▸ Exercise
Copy out the entries below exactly as they stand, but only from the line containing "Beechfield Υφασμάτινo Ανδρικό" through the line containing "Urban Printed Midi Dress".

▸ Information given
■ ■ ■ ■ ■

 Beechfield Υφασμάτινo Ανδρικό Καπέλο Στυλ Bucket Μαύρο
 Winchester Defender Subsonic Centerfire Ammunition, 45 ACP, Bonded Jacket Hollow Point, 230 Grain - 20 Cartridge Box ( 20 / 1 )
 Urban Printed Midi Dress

■ ■ ■ ■ ■

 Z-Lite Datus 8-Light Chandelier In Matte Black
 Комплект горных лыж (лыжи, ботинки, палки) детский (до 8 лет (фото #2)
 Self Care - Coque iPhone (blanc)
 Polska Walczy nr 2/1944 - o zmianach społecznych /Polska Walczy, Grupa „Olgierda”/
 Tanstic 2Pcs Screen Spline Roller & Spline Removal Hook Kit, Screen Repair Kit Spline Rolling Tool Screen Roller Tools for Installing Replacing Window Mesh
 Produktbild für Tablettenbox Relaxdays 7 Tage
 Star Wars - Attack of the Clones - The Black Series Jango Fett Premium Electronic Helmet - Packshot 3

■ ■ ■ ■ ■

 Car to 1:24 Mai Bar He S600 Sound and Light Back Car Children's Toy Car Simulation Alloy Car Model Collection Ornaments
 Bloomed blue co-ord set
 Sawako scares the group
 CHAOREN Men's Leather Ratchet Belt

■ ■ ■ ■ ■

▸ Written reply
 Beechfield Υφασμάτινo Ανδρικό Καπέλο Στυλ Bucket Μαύρο
 Winchester Defender Subsonic Centerfire Ammunition, 45 ACP, Bonded Jacket Hollow Point, 230 Grain - 20 Cartridge Box ( 20 / 1 )
 Urban Printed Midi Dress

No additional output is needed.